Gerd Gigerenzer, geschäftsführender Direktor des Max-Planck-Instituts für Bildungsforschung, ist der Auffassung: „Männer stehen der intuitiven Führungskraft von Frauen skeptisch gegenüber.“ Auch an der Börse werde dem weiblichen Bauchgefühl nicht vertraut. In den Köpfen der Männer bestünden immer noch Stereotype, die die weibliche Intuition betreffen. Während Entscheidungen im Berufsleben kritisch beäugt werden, gibt es hingegen keine Zweifel, dass Frauen im privaten Umfeld über eine gute Intuition verfügen. Dies trifft beispielsweise auf die Partnerwahl zu. Zumindest lautet so das Ergebnis einer vom Max-Planck-Institut für Bildungsforschung initiierten Studie über die Stereotypen von Frauen und Männer.

Dabei ging es um die Frage, wer über eine bessere Intuition verfügt. Frauen oder Männer? Die Antworten von insgesamt 1016 Deutschen wurden in die Analyse einbezogen. Die Ergebnisse waren verblüffend: Bei der Partnersuche vertrauen lediglich 14 Prozent der Männer ihrer eigenen Intuition, 60 Prozent schätzen die Frau hier besser ein. Umgekehrt ist es bei Frauen: In der Mehrzahl glauben sie nicht daran, dass Männer aus einem Bauchgefühl heraus sinnvolle private Entscheidungen treffen. Hierbei ist das Alter der befragten Personen unwesentlich.

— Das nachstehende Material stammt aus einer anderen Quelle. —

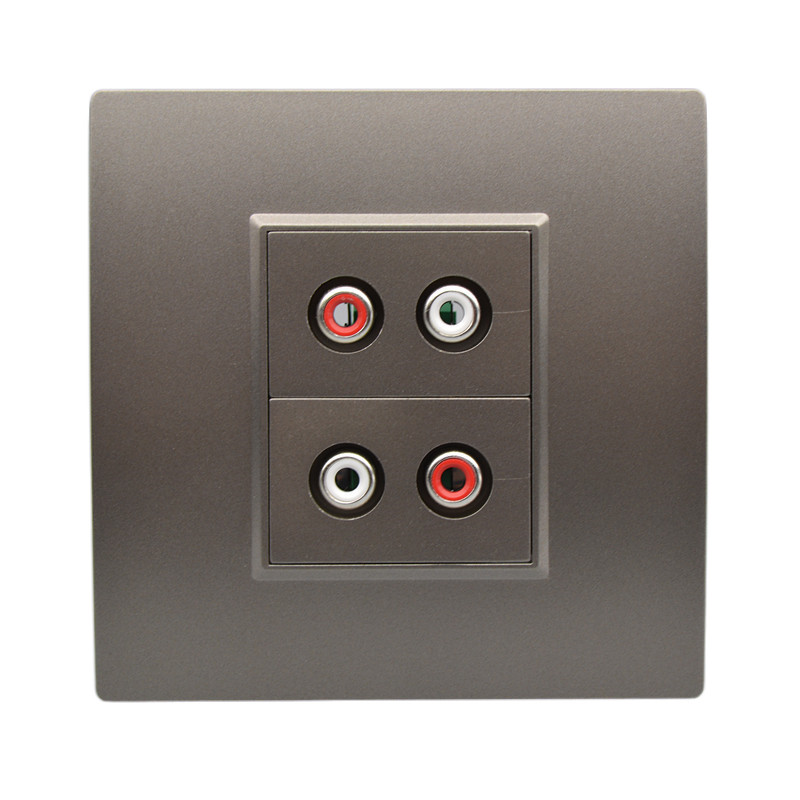 音频面板深灰色双孔莲花花头红白2个焊接av音频插座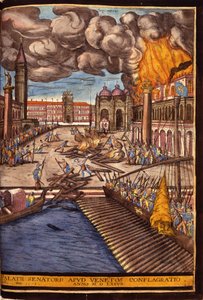 Herttuapalatsin suuri tulipalo Pyhän Markuksen torilla Venetsiassa vuonna 1577. George Braunin kaiverrus "" Civitatis Orbis Terrarum" -osa I kirjoittanut Franz Hogenberg (1535-1590)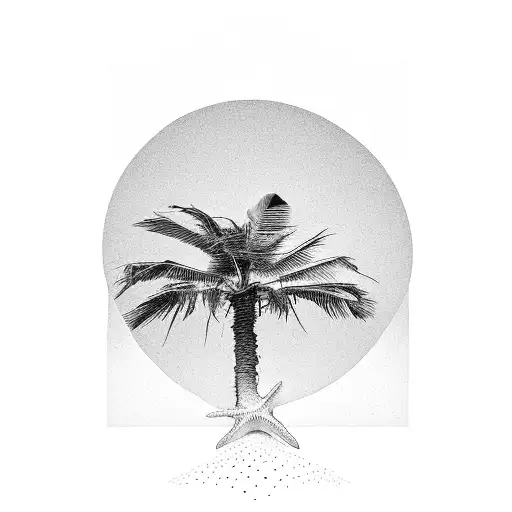 Beach With Palm Tree And Lighter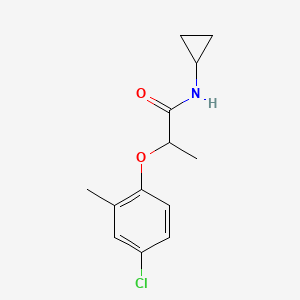 molecular formula C13H16ClNO2 B12465815 2-(4-chloro-2-methylphenoxy)-N-cyclopropylpropanamide 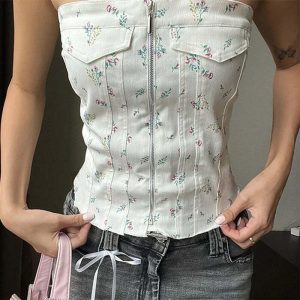 floral zip corset top   chic & youthful streetwear essential 4789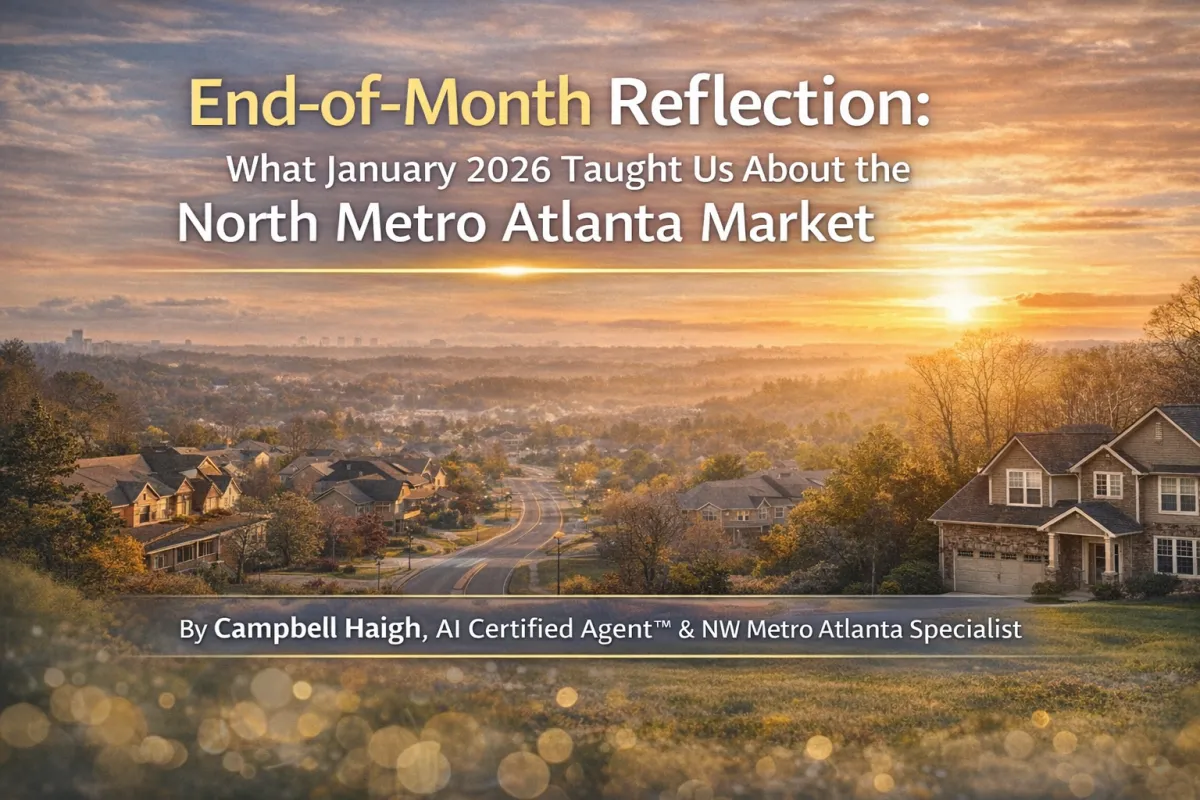Panoramic sunrise view over a North Metro Atlanta suburban neighborhood with tree-lined streets and well-maintained homes, symbolizing a calm and stable January 2026 real estate market. Warm golden light stretches across rooftops in areas like Acworth, Marietta, and Kennesaw, reflecting market clarity, steady home values, and thoughtful end-of-month real estate reflection in Cobb County.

Klare Unterschiede zeichnen sich auch beim Aktienhandel ab: Hier sind 66 Prozent der Männer davon überzeugt, eine bessere Intuition aufzuweisen. Nur 11 Prozent der Frauen schätzen ihr Bauchgefühl besser ein. Und noch weniger Männer (9 Prozent) denken, dass Frauen intuitiv die richtigen Entscheidungen an der Börse treffen. Aber spiegelt diese Einschätzung die Realität wider?

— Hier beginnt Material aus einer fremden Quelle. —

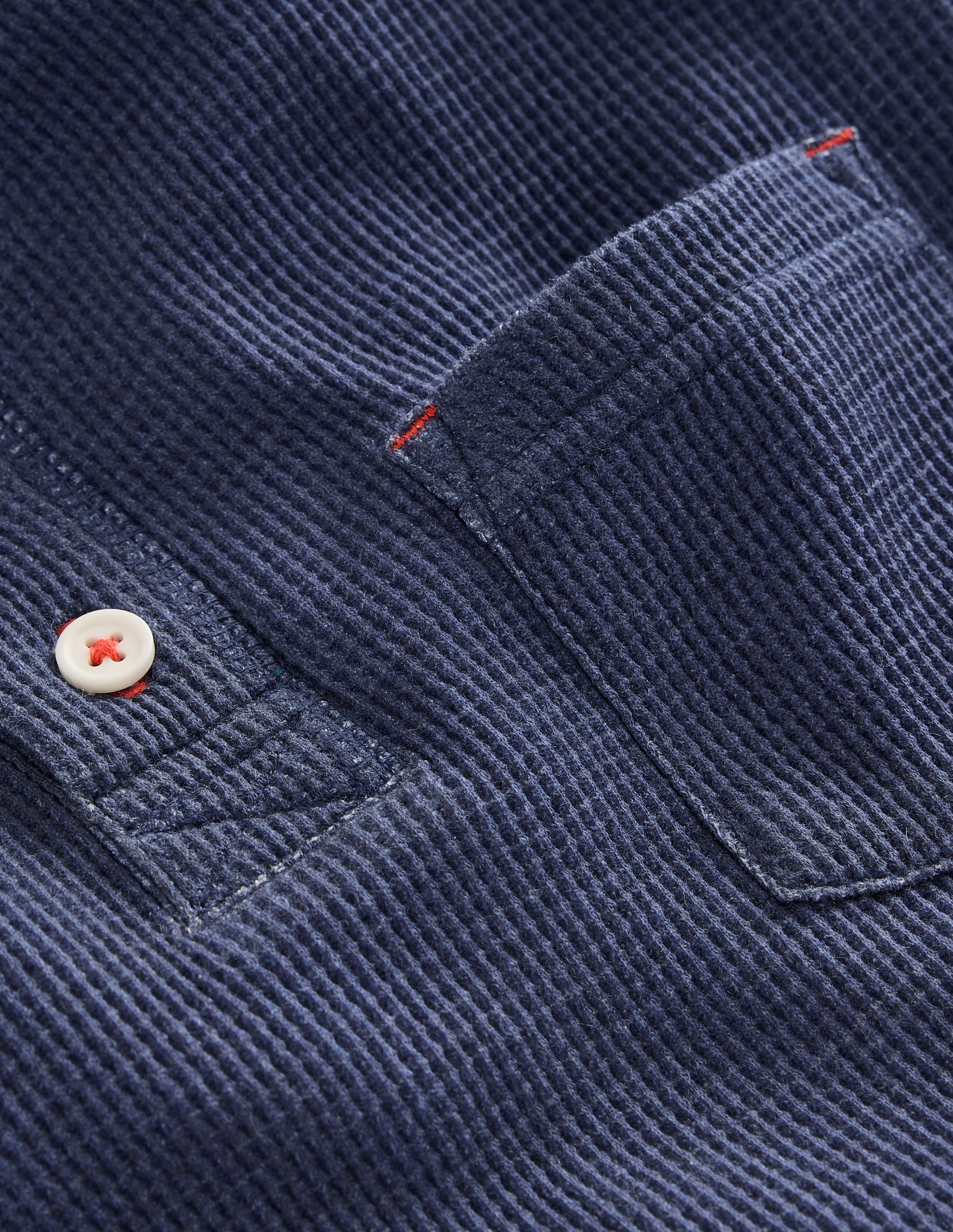  Waffle Henley T-Shirt-College Navy Marl、mySite、ashleygrahame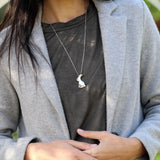 Sterling Silver 3D Rabbit Necklace • Large Bunny Pendant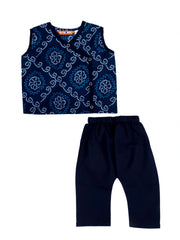 Pure Cotton Ethnic Clothing Set for Boys - Blue | BS24IN77BLA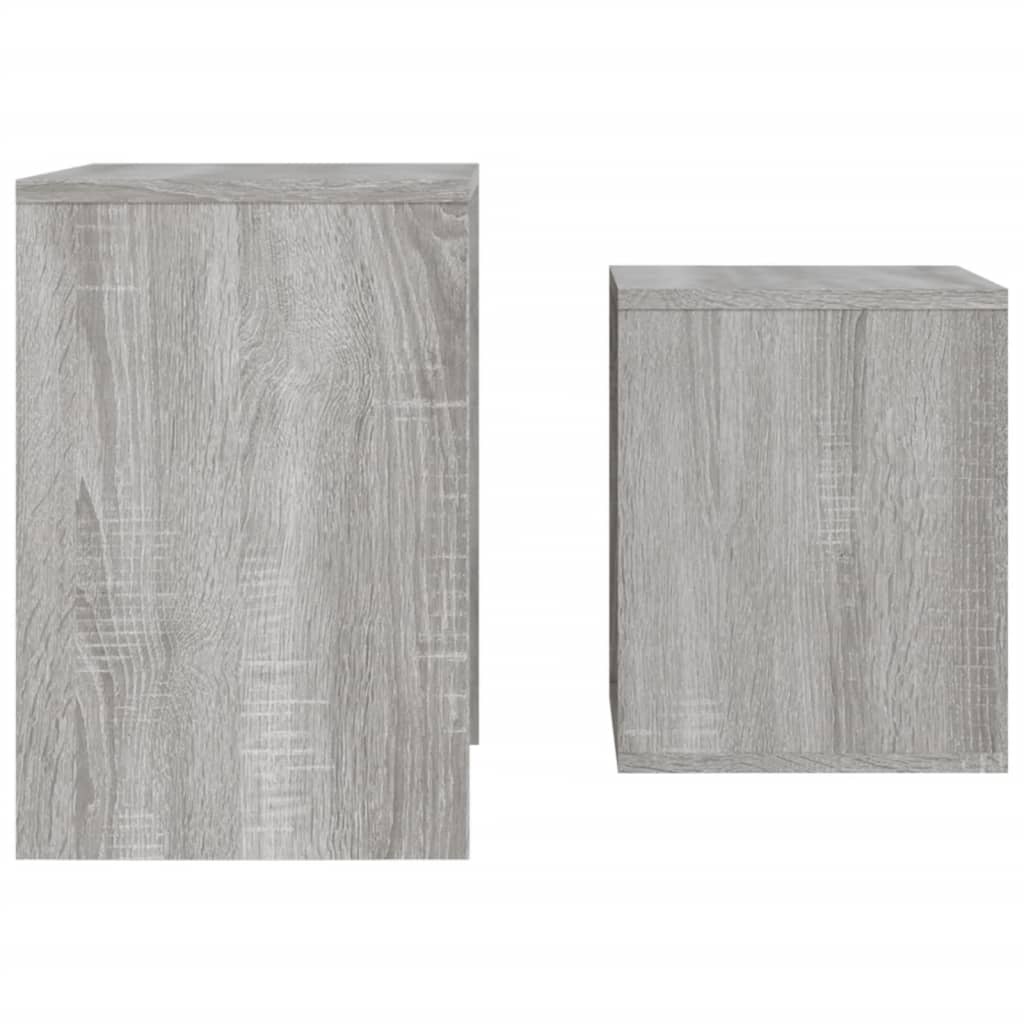 vidaXL Tables gigognes 2 pcs Gris Chêne Sonoma Aggloméré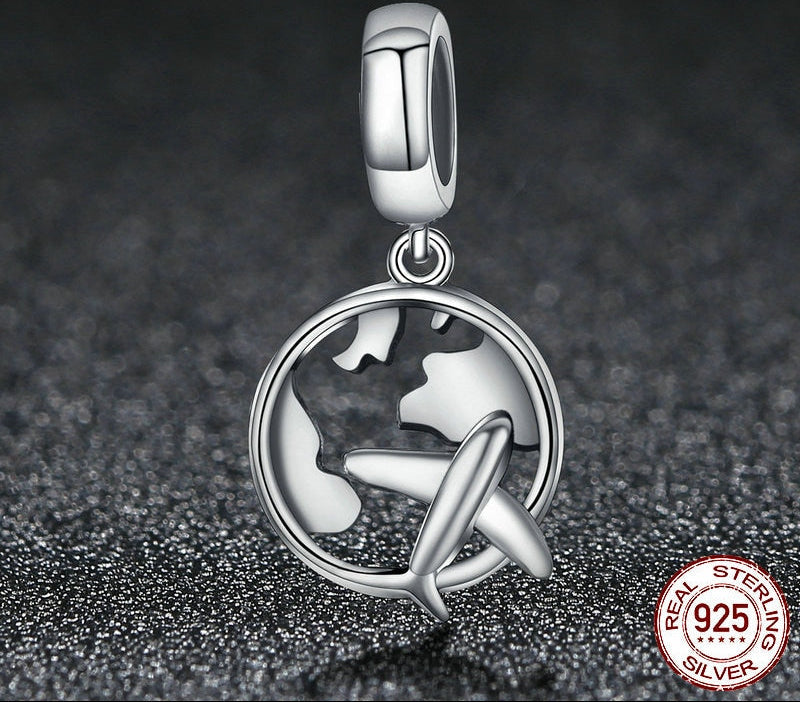 Sterling Silver 925 Traveling Dream Map & Plane Charm Pendant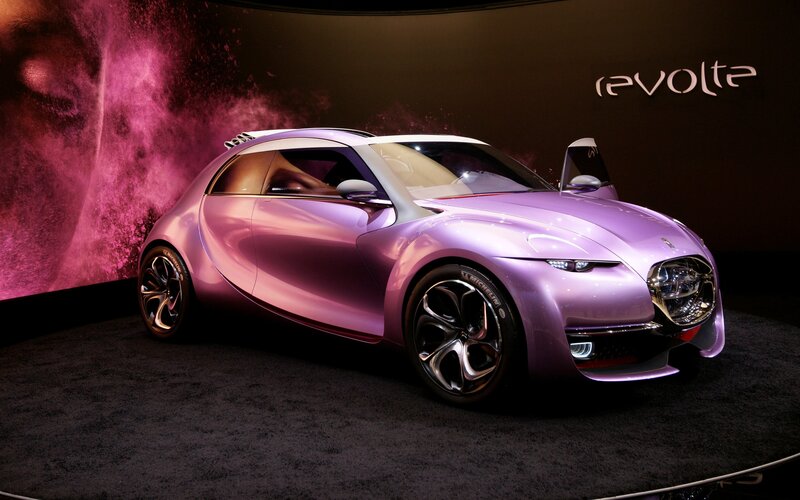 Purple Concept Car — Dramatic, Photograph, Display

„Auf gar keinen Fall“, so die Meinung der Wissenschaftler. Männer wüssten zwar in der Regel mehr über das Aktiengeschäft, aber die Intuition sei nicht besser als bei Frauen. Am größten sei die Kluft jedoch zwischen Selbsteinschätzung und Realität in der sozialen Interaktion des Berufslebens. Fast die Hälfte der Männer (47 Prozent) geben an, sich im Umgang mit Geschäftspartnern auf die eigene Intuition zu verlassen. Bei Kolleginnen würden dies allerdings weniger tun. Hier sind es nur 18 Prozent, die Frauen im Geschäftsleben eine bessere Intuition zuschreiben.

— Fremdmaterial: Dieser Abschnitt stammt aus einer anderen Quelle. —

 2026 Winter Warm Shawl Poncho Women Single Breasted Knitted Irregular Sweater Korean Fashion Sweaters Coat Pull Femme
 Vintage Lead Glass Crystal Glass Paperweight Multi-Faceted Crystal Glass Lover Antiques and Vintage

„Die Studie weist darauf hin, dass wir von einem aufgeklärten Umgang mit Intuition noch weit entfernt sind“, meint Gigerenzer. So gut wie jeder Manager und Arzt treffe ständig Bauchentscheidungen, aber man habe Angst, dies zu offenbaren. „Intuition wird immer noch mit Willkür, einem sechsten Sinn, oder weiblicher Natur gleichgesetzt“, so der Bildungsforscher.